Conséquences durables
Il y a trois mois, au drive du Quick à Charleroi, casque de travers, air benêt, Lux distribue des commandes fausses ou incomplètes aux conducteurs pressés, tout en critiquant leur voiture avec sérieux. Alors que certains clients s’entêtent pour récupérer leur Big Giant, d’autres accélèrent brusquement, obligeant toute l’équipe du fast-food à courir pour les rattraper. Un sketch parfaitement chorégraphié. « J’ai beau passer vingt minutes avec quelqu’un pour le pousser à bout, c’est toujours moi qui passe pour un con.
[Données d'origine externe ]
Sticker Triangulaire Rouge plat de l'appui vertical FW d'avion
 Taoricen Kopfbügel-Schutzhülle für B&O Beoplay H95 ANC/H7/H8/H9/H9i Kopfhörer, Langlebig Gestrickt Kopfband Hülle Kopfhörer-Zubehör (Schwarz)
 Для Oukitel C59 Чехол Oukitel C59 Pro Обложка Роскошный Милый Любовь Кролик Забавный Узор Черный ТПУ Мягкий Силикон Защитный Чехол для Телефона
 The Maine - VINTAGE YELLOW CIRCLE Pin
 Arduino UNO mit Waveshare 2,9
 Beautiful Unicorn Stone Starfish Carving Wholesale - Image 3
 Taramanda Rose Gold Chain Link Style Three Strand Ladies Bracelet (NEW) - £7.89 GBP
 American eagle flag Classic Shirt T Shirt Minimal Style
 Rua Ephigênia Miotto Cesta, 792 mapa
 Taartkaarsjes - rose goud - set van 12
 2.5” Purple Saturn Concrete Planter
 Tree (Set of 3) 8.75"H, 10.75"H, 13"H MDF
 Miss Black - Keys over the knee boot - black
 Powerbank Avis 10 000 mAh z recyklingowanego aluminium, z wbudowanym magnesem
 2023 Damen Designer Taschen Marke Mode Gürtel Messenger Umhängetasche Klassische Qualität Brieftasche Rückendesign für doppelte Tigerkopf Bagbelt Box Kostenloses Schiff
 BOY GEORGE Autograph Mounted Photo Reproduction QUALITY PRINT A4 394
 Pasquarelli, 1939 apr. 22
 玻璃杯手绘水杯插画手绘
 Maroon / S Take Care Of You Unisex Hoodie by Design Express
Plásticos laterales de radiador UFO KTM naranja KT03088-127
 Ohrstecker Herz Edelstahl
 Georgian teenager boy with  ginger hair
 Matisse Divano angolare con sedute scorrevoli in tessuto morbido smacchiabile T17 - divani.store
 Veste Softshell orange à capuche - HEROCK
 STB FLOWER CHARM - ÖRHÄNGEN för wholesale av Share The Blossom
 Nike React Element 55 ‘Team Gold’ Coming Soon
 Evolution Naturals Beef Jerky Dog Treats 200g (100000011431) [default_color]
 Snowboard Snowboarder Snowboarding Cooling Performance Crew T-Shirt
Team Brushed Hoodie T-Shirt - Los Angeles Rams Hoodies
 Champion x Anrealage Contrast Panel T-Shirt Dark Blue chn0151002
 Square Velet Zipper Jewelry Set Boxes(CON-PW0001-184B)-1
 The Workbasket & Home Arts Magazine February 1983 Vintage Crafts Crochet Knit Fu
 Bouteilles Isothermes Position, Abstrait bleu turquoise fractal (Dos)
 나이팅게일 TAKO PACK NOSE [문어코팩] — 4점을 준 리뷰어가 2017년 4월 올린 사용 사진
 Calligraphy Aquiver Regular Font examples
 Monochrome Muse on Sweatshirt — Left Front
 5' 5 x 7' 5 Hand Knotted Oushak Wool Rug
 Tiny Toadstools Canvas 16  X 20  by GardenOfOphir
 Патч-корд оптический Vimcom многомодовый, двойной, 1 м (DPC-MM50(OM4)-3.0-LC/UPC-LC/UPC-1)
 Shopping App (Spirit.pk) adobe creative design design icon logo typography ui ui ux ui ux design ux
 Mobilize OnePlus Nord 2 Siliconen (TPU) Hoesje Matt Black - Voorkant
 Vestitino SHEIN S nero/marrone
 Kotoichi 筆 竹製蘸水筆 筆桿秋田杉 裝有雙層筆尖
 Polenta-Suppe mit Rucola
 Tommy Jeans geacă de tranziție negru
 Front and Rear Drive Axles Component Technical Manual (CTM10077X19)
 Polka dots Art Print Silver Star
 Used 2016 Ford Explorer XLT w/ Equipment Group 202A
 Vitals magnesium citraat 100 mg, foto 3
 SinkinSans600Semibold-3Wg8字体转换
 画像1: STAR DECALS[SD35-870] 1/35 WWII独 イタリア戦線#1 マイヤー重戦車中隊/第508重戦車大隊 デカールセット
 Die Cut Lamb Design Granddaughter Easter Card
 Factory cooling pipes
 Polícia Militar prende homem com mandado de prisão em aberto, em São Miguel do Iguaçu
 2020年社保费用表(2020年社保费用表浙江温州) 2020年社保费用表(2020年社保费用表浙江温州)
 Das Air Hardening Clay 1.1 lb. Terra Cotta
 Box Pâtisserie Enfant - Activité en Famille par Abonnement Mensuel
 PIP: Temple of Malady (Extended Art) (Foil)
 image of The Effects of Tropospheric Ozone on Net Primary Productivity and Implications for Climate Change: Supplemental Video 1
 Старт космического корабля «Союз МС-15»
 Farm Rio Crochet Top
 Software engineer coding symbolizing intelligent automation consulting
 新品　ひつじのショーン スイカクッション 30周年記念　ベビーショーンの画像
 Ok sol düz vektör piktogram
C’est la raison pour laquelle je ne me suis jamais fait frapper », concède-t-il. S’il titille et peut agacer, il ne va jamais jusqu’à l’humiliation frontale.
Discours similaire pour Nam’s, 28 ans, qui insiste d’emblée sur la bienveillance de ses contenus. « Le monde est déjà assez négatif ! », lâche le Parisien. Entre un futur de ninja et de vétérinaire, il hésitait… Et c’est en s’incrustant à des cours en ligne pendant le confinement qu’il a fini par se faire un nom sur la Toile. Son credo : les intrigues loufoques et absurdes. Sur la terrasse d’un restaurant chic, il endosse le rôle du serveur maladroit : gestes exagérés, voix aiguë, voire demande en mariage impromptue devant les clients. A une table voisine, son compère – en apparence un simple client pianotant sur son ordinateur – capte chaque réaction. « La caméra est cachée dans son sac noir, avec juste un petit trou pour filmer », révèle Nam’s, 570 000 abonnés sur YouTube.
Son tour de force ? Il transforme des situations potentiellement gênantes en moments presque innocents. Lorsqu’il interagit avec des inconnus, son autodérision et son air perdu suffisent à détendre l’atmosphère. « Je veille à ce que ça reste amusant pour tout le monde », confie-t-il, se démarquant de ceux qui capitalisent sur l’effroi pour faire rire. Pour lui, les pranks extrêmes traduisent surtout « un miroir un peu obsessionnel de notre société ». A l’inverse, Dynwa assume volontiers le fait de bousculer ses interlocuteurs : « Je n’ai pas vraiment de regrets. Je les choque un peu, mais après ils rigolent et ça leur fait une anecdote drôle à raconter. » Une fois, pourtant, il a vu un jeune homme réellement apeuré. « Ça m’a fait culpabiliser, car ce n’est pas le but. » Si le rire est immédiat, les conséquences, elles, peuvent marquer durablement.